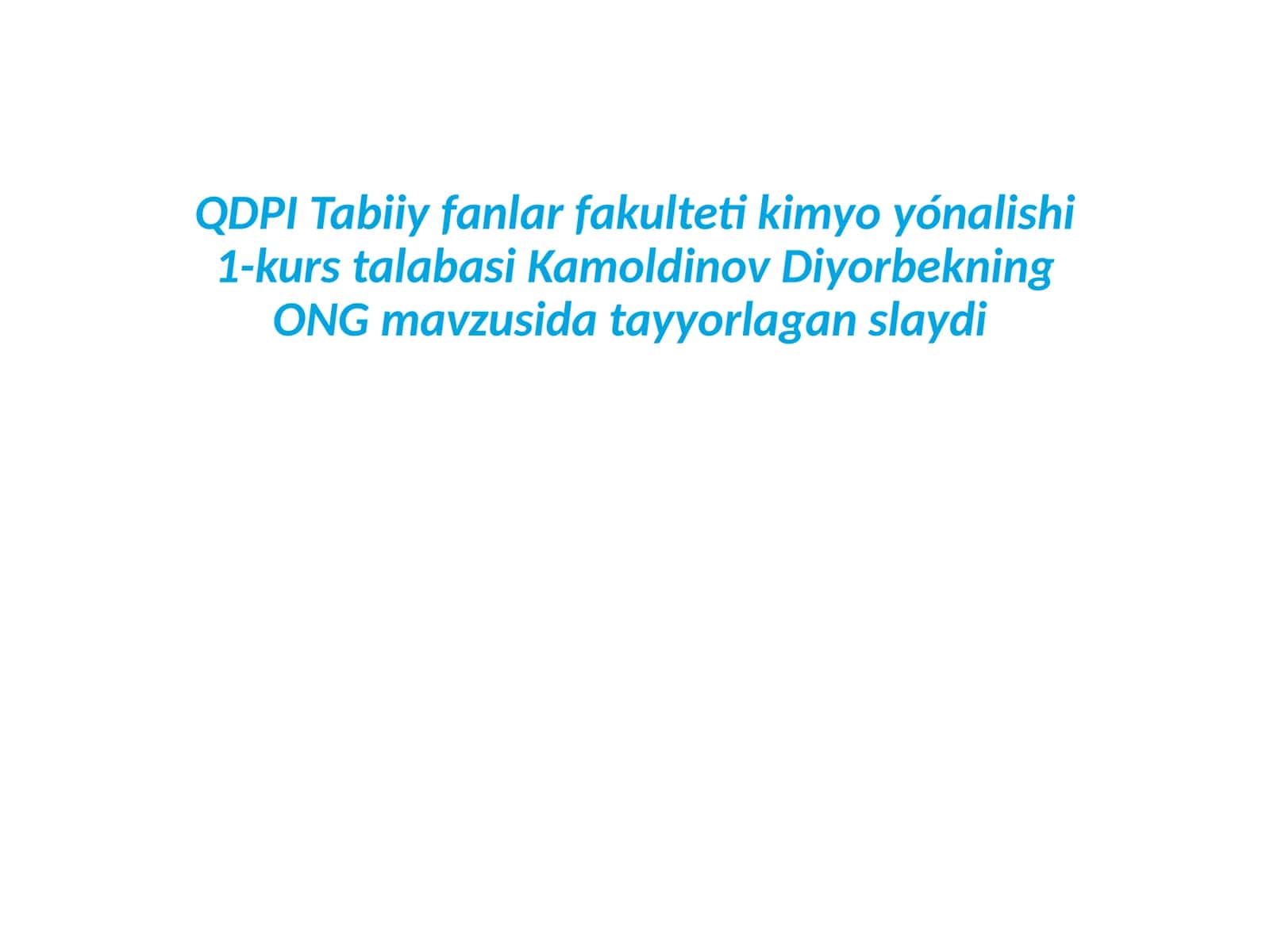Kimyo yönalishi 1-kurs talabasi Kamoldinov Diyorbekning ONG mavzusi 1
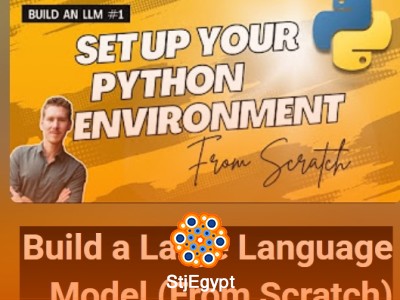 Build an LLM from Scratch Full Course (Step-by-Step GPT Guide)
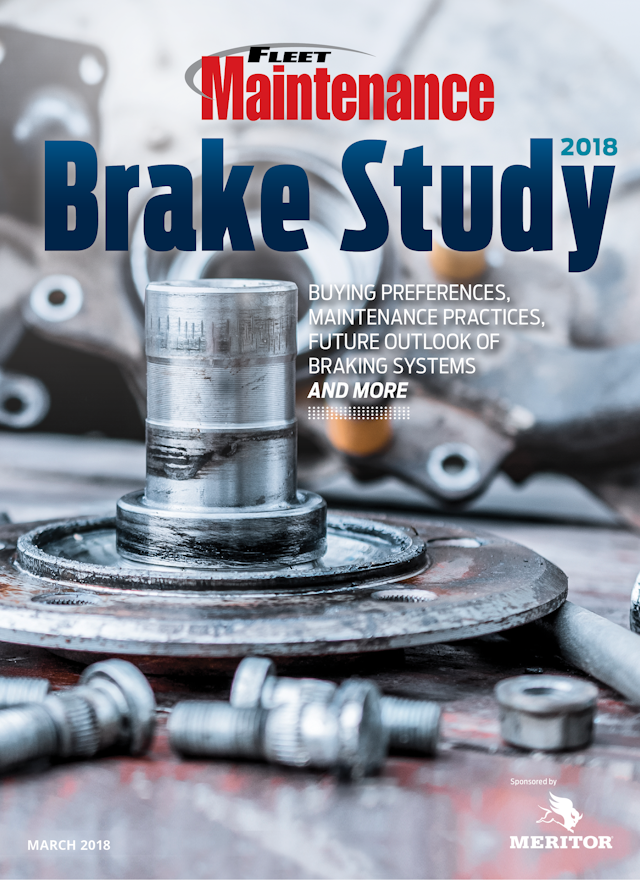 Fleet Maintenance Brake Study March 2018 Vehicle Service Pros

++++++++++++++++++++

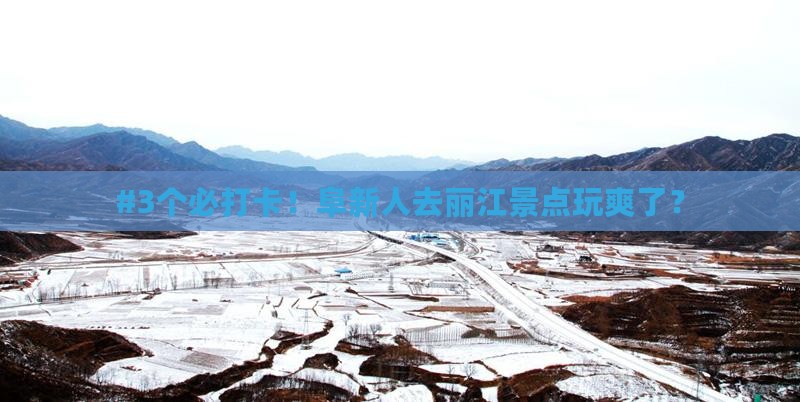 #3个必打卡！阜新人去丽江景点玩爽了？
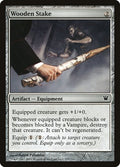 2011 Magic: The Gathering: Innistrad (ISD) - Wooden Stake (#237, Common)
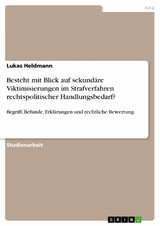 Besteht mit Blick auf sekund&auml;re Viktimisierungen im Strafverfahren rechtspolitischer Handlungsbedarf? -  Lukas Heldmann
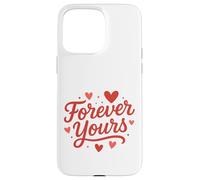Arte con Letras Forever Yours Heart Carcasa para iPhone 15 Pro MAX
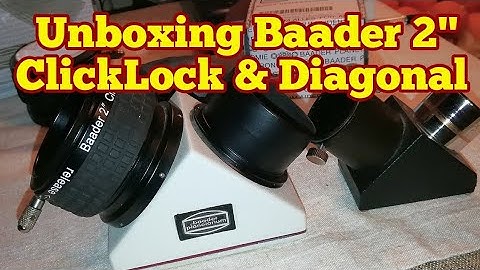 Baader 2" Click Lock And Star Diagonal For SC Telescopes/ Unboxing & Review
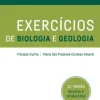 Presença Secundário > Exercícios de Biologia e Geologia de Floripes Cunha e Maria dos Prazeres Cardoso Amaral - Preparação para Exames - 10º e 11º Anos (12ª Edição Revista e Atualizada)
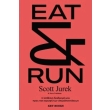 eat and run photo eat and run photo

++++++++++++++++++++

Leaving out each picture, repeat exactly the lines above from the one that contains "Presença Secundário >" through the one that contains "eat and run photo eat and run photo".

 Presença Secundário > Exercícios de Biologia e Geologia de Floripes Cunha e Maria dos Prazeres Cardoso Amaral - Preparação para Exames - 10º e 11º Anos (12ª Edição Revista e Atualizada)
 eat and run photo eat and run photo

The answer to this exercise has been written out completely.